> EXERCISE
Give the data again exactly as it appears, excluding any pictures.
Segment Start: DATA BELOW
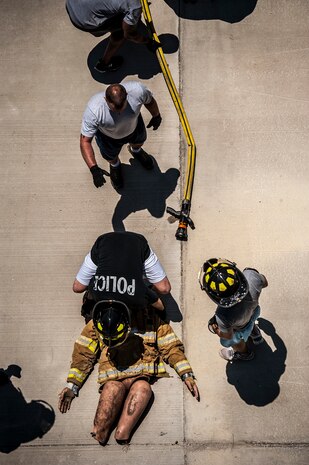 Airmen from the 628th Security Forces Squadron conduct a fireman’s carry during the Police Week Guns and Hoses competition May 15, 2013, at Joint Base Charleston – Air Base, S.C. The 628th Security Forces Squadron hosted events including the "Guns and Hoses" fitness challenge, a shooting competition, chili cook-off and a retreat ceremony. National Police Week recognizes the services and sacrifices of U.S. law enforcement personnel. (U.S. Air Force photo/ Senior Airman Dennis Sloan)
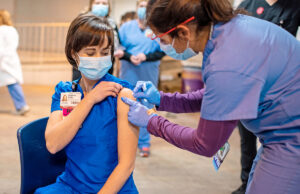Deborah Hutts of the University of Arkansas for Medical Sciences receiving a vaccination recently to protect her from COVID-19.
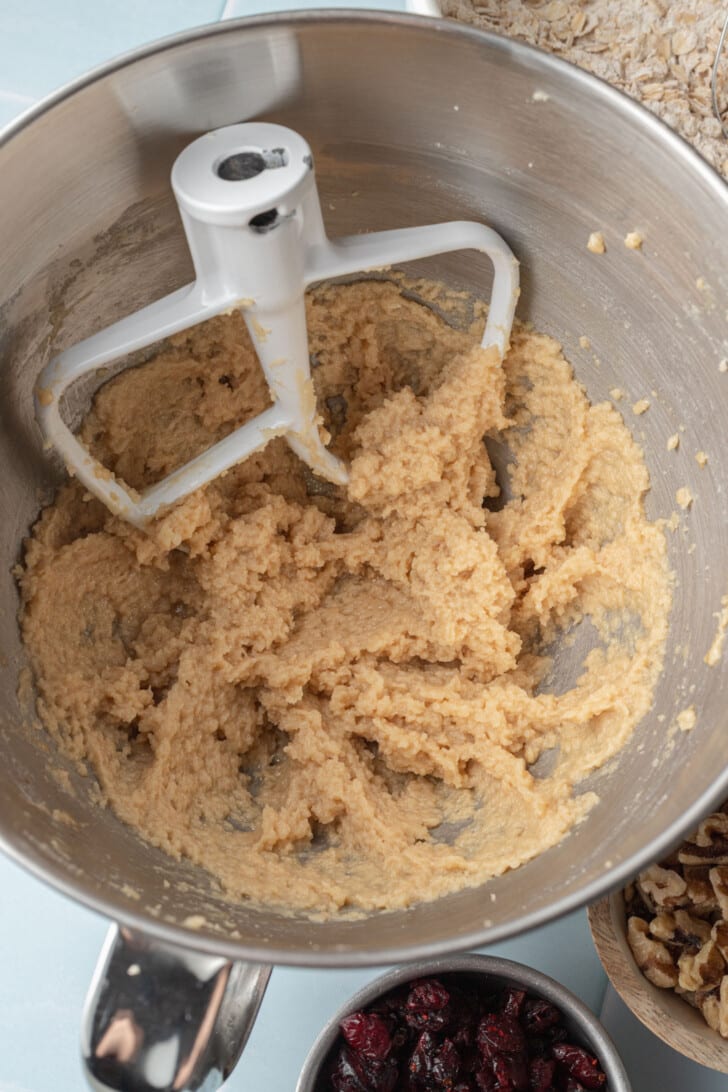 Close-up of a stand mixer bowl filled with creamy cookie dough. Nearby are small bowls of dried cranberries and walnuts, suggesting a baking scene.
Segment End: DATA BELOW
> WRITTEN REPLY
 Airmen from the 628th Security Forces Squadron conduct a fireman’s carry during the Police Week Guns and Hoses competition May 15, 2013, at Joint Base Charleston – Air Base, S.C. The 628th Security Forces Squadron hosted events including the "Guns and Hoses" fitness challenge, a shooting competition, chili cook-off and a retreat ceremony. National Police Week recognizes the services and sacrifices of U.S. law enforcement personnel. (U.S. Air Force photo/ Senior Airman Dennis Sloan)
Deborah Hutts of the University of Arkansas for Medical Sciences receiving a vaccination recently to protect her from COVID-19.
 Close-up of a stand mixer bowl filled with creamy cookie dough. Nearby are small bowls of dried cranberries and walnuts, suggesting a baking scene.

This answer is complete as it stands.